■ TASK OBJECTIVE
After locating the line with "DOROTHY PERKINS Women" below, output it and each following line exactly, stopping after the line with "Ivivva Gray Long Sleeve Crop Top". No pictures.

■ SUPPLIED RECORDS
= Beginning of Section =

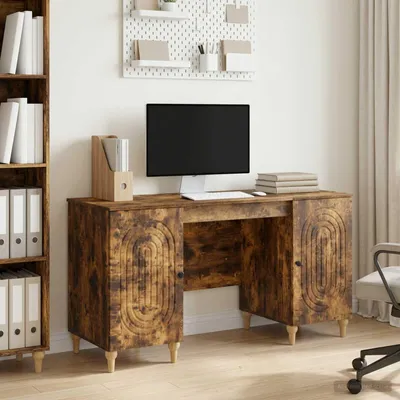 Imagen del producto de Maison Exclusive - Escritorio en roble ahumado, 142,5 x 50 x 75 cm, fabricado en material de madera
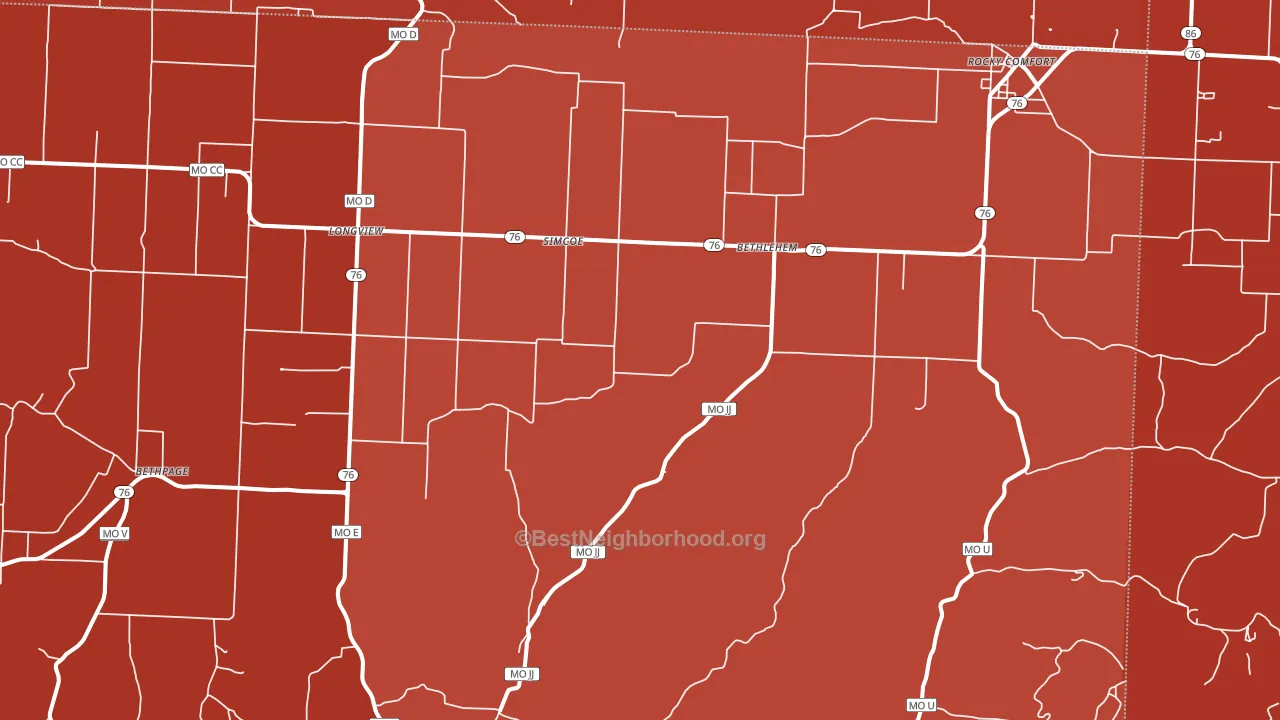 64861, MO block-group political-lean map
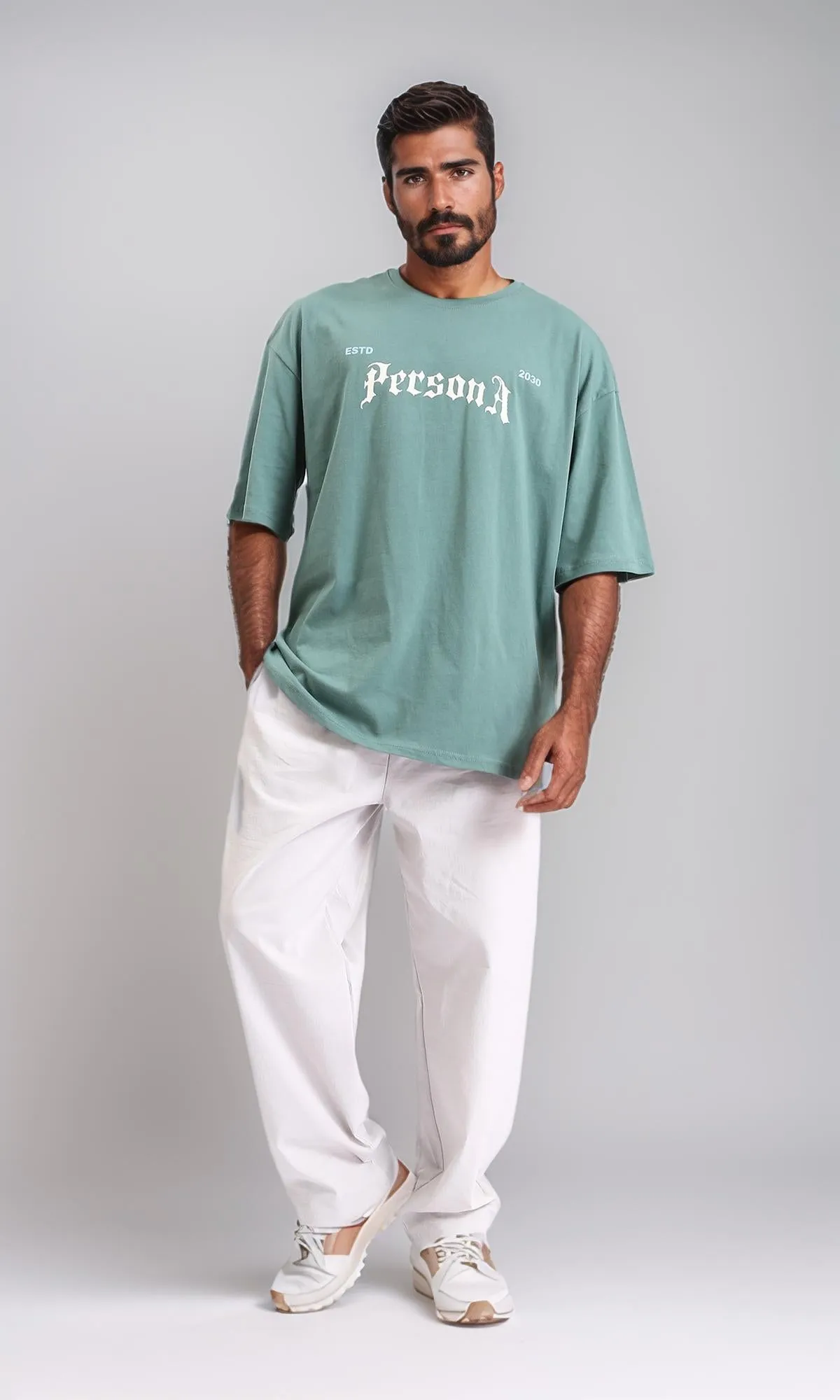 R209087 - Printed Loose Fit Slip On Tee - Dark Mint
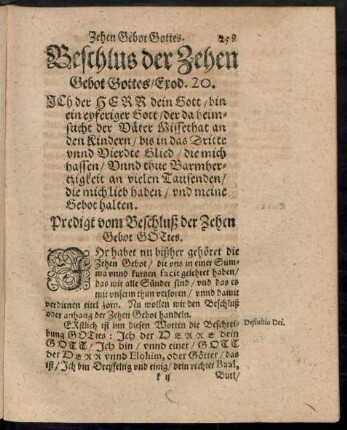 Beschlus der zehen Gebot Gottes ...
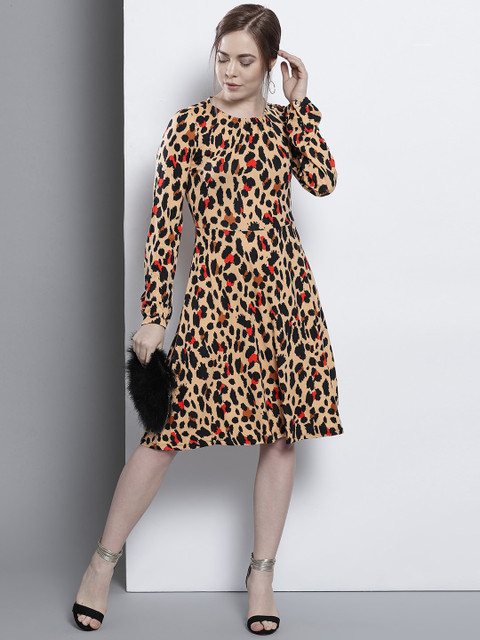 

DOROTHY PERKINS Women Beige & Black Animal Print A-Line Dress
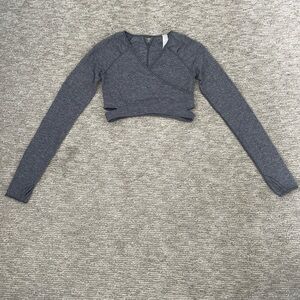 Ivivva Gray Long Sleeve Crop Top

= End of Section =
= Beginning of Section =

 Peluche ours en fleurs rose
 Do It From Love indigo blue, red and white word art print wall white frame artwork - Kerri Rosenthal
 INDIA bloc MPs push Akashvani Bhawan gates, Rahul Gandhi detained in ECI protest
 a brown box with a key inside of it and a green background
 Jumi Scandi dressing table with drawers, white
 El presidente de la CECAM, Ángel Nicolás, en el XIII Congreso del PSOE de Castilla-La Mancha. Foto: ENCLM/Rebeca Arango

= End of Section =
= Beginning of Section =

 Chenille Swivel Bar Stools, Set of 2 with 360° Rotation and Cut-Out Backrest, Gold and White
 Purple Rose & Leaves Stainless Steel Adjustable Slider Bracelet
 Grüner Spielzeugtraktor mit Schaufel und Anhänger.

= End of Section =

■ TASK RESPONSE
DOROTHY PERKINS Women Beige & Black Animal Print A-Line Dress
 Ivivva Gray Long Sleeve Crop Top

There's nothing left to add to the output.